TASK TO COMPLETE:
Below are the records; give again exactly the lines from the one containing "Cultured Freshwater Staircase" through the one containing "Hair Extension Washing", leaving out pictures.

INFORMATION:
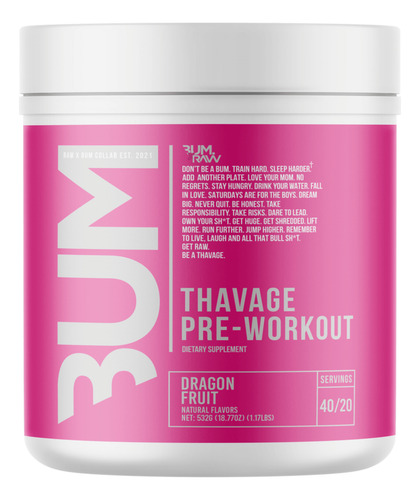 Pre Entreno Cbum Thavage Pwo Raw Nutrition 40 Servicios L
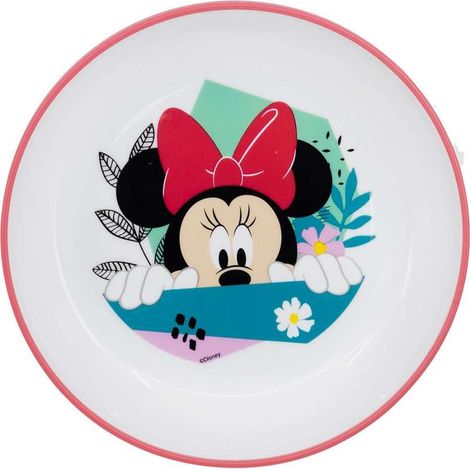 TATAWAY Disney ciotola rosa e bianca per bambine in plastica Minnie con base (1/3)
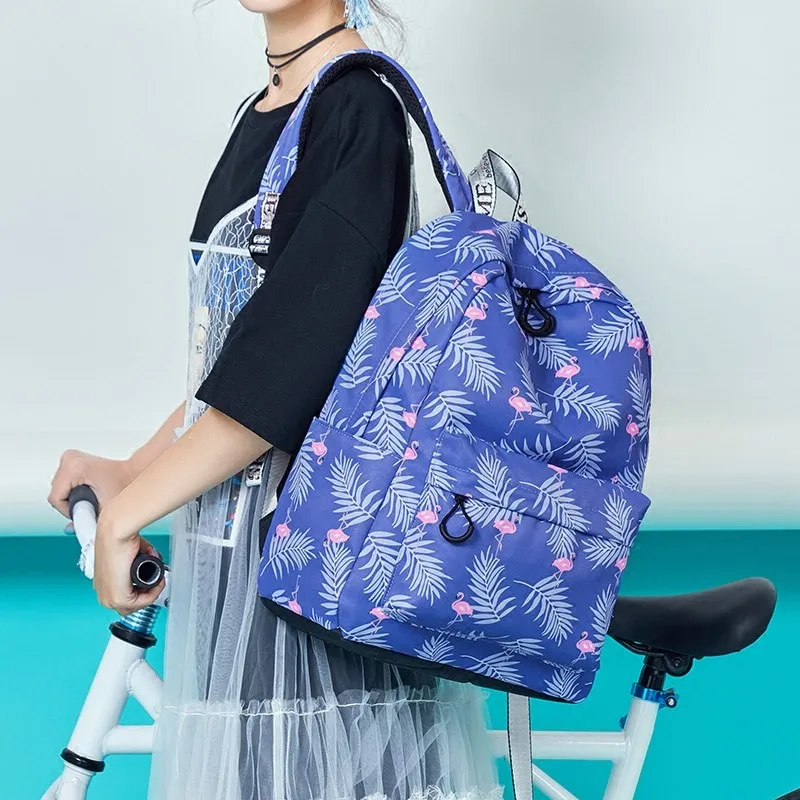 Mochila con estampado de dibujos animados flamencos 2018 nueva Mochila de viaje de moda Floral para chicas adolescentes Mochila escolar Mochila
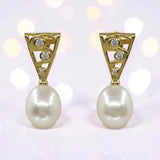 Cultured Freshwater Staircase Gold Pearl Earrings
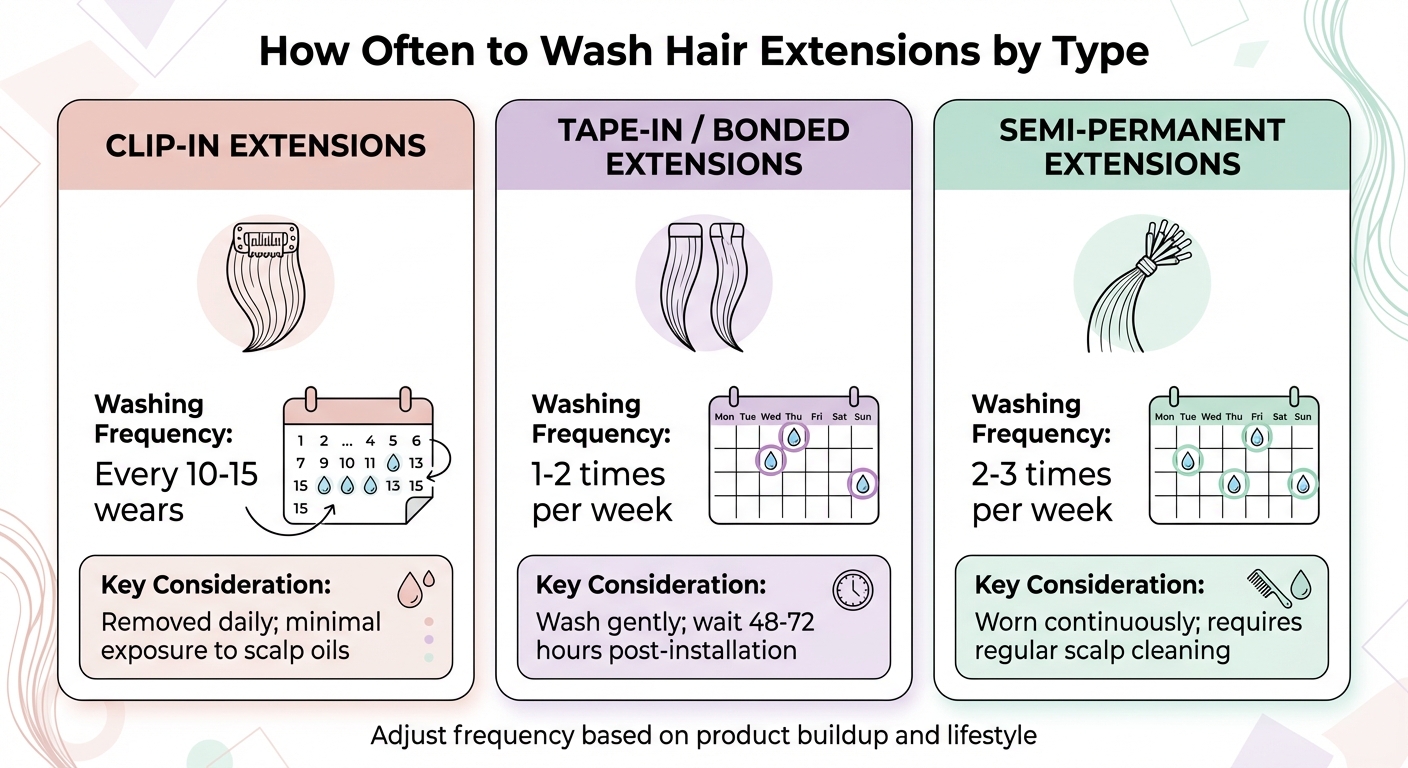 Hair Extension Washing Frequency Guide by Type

...

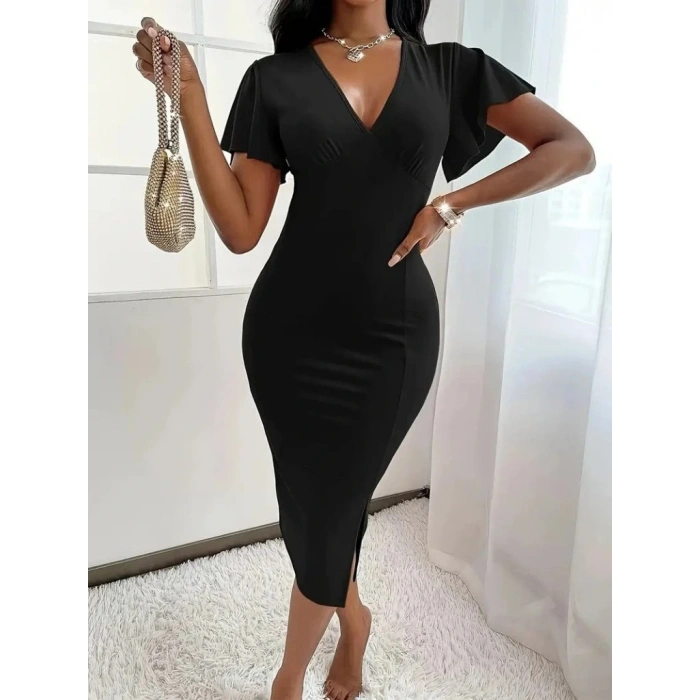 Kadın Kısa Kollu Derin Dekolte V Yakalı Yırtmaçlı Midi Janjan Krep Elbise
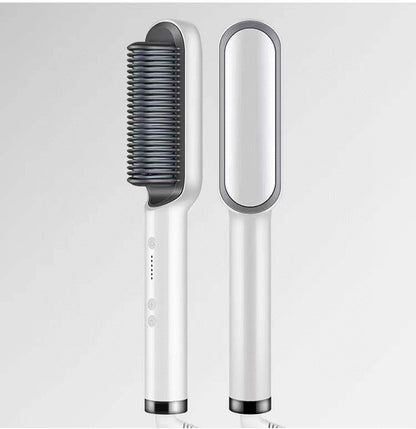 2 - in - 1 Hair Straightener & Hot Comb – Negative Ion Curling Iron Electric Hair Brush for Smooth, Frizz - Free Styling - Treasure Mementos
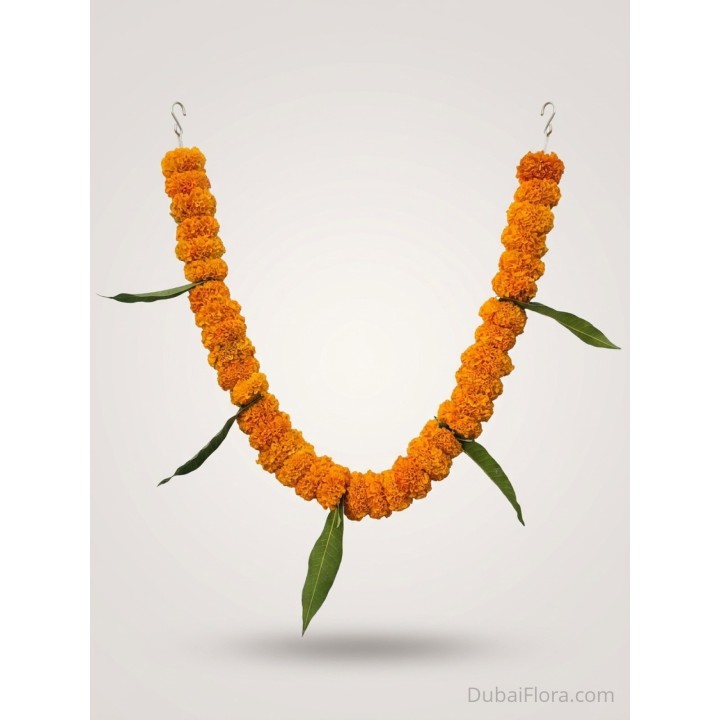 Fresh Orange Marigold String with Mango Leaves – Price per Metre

RESPONSE TO THIS TASK:
 Cultured Freshwater Staircase Gold Pearl Earrings
 Hair Extension Washing Frequency Guide by Type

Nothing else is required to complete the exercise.